検察側の問いかけは鈴香被告の娘時代の話に移る。証言台に立った被告の母親が、捜査段階で、被告をかばった姿勢があったことを明らかにしようとする検察側。ところが、証人は「覚えていません」「分かりません」を連発した。

検察官「被告が小学校1年のとき、担任が『水子の霊がついている』といったのを警察や検察に話したとき、正直に話していないこともある。あ、覚えていないのか。調書では高校卒業まで、本人は問題を起こしていないと言っているが、一部事実を隠した覚えは?」

証人「分からない」

検察官「少なくとも被告が高校で停学していたのは知っていた?」

証人「はい」

検察官「なのに、あなたは被告が学校生活に問題なかったといっている。被告の高校生活についてかばったことは?」

証人「分からない」

検察官「調書の内容は読み聞かせ、サインもしている。特に問題なかったんでしょ?」

証人「調べではよく、彩香と鈴香の名前を取り違えた。話した内容よりも、彩香じゃない鈴香だ、などというところに注意がいっていた」

検察官「少なくとも高校時代、万引したことは?」

証人「知らない」

検察官「鈴香被告も万引の話をしているが、伝わっていなかったのか?」

証人「はい」

今度は鈴香被告の小学校当時の担任の話に戻る。友達とはうまくやっていたと思っていたという証人。いじめられていた様子も分からなかったようだ。鈴香被告は、小学生のとき、トイレで頭から水をかけられたと証言しているが、それについても「分からなかった」と話す証人。

そして、話は担任が鈴香被告に「水子の霊がついている」と話した件へ移る。

検察官「水子の霊については、学校に(証人が)呼ばれたのか」

証人「私が呼ばれた」

検察官「検察官にそういう話はしたのか」

証人「分かりません」

検察官「1年の途中で担任が替わったと言っているが、少なくとも警察が調べた範囲では、そういう事実ではない」

弁護人「異議あり!」

ここで、予定時間の1時間を過ぎたが、検察側の質問はまだ終わらないようだ。

証言台の前に座る鈴香被告の母親に対し、検察側は引き続き被告の小学生時代の話を聞いていく。

水子の霊がついているといわれたことに対し、抗議をしたという証人。その後、修学旅行の際にも担任から「来ないでほしい」と言われたことに検察側は疑問を呈する。
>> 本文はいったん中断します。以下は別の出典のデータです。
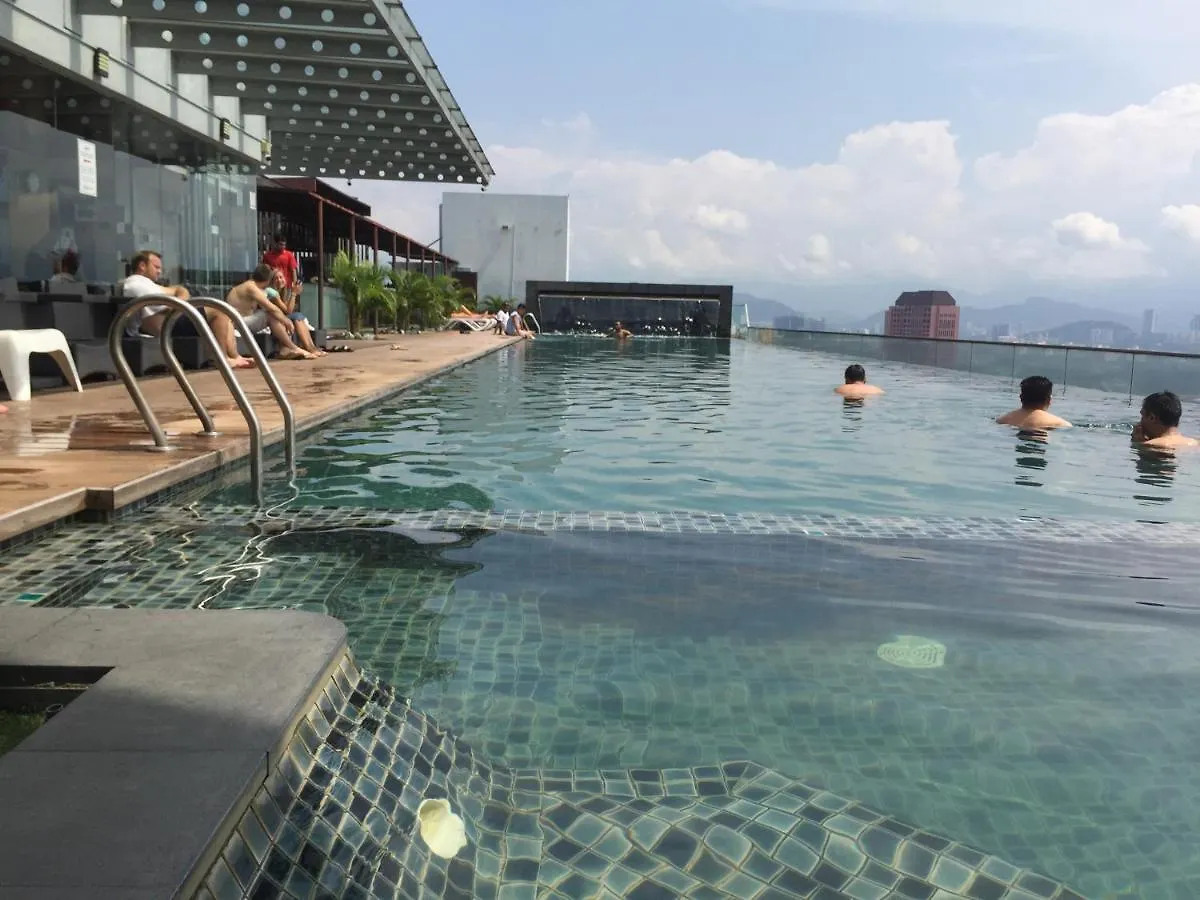 Hostel Regalia Skypool Klcc Kuala Lumpur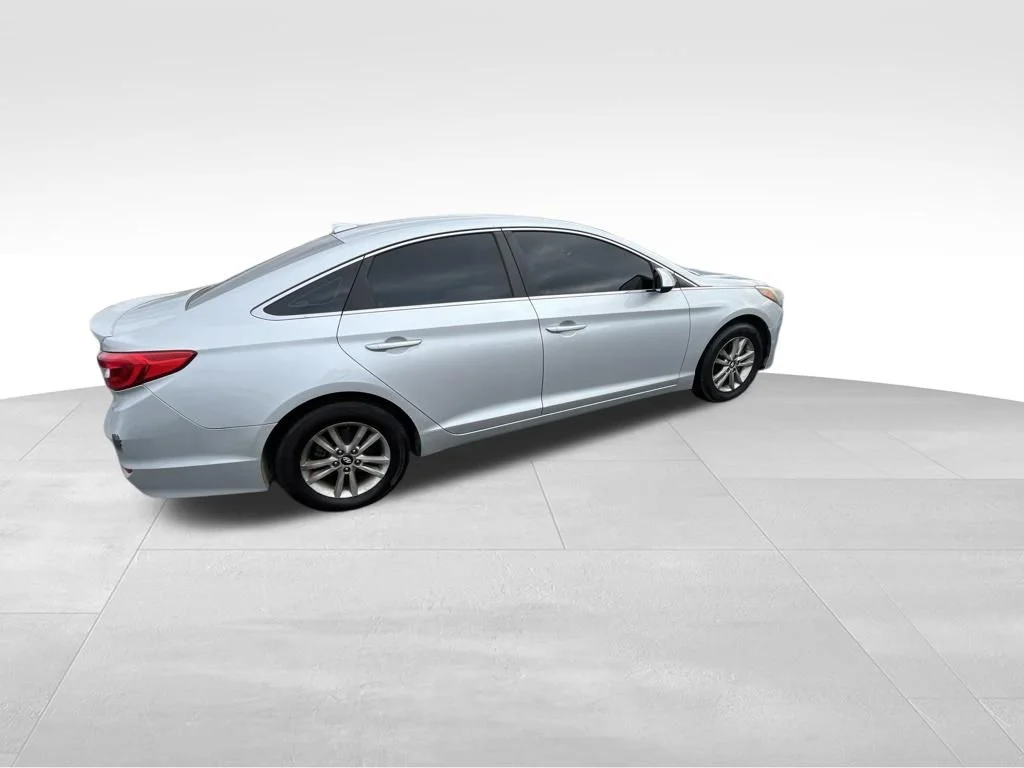 Used 2016 Silver Hyundai SE image 29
検察官「(水子の霊で)1年生のときに文句を言ってきた子供に対して、連れて行けないといったのか?」

証人「はい」

検察官「当時の先生は生きていられるが、そんなことはなかったといっている」

弁護人「誤導だ!」

検察官「誤導ではない! (担任に対して)文句は言ったのか?」

証人「自宅にいってきた」

次に鈴香被告の自殺について問う検察側。証人は捜査段階で、「鈴香が(自殺について)話したと言っているようだが、私は聞いた覚えがない」といっていたという。しかし、法廷では「後から聞いた。夫から聞いた後に本人に聞いた」と説明。当然、検察側は質問を投げかける。
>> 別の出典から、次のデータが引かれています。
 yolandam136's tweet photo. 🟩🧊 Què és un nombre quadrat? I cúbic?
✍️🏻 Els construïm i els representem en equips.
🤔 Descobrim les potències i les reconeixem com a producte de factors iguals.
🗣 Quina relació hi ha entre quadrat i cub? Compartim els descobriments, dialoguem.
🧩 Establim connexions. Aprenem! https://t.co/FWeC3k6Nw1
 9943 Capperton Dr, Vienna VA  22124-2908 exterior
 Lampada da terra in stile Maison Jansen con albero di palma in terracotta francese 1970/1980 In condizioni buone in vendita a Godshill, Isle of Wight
検察官「聞いたのは間違いないのですね。どうしてそんなことをしたのか聞いたのか」

証人「忘れてしまった」

検察官「調書は事実ではないのか」

証人「はい」

検察官「どういう風に話したのか」

証人「覚えていない」

検察官「でも、娘が自殺を図ったというのは大きいことでしょ。それでも(当時のことを)覚えていないのか」

証人「そのころ、夫は仕事がなくて自宅におり、私はスーパーで休みなく仕事をしていた。こういうことはすべて夫がやっていて、私は聞き流していた」

証言の信用性を問おうとする検察側に対し、証人は当時、鈴香被告の相談を聞いたのは夫だったということをいいたいようだ。被告は調べの中で、「両親に不満をぶつけたら、神妙な顔をしていた」と供述したというが、証人はそれを聞き流していたと説明する。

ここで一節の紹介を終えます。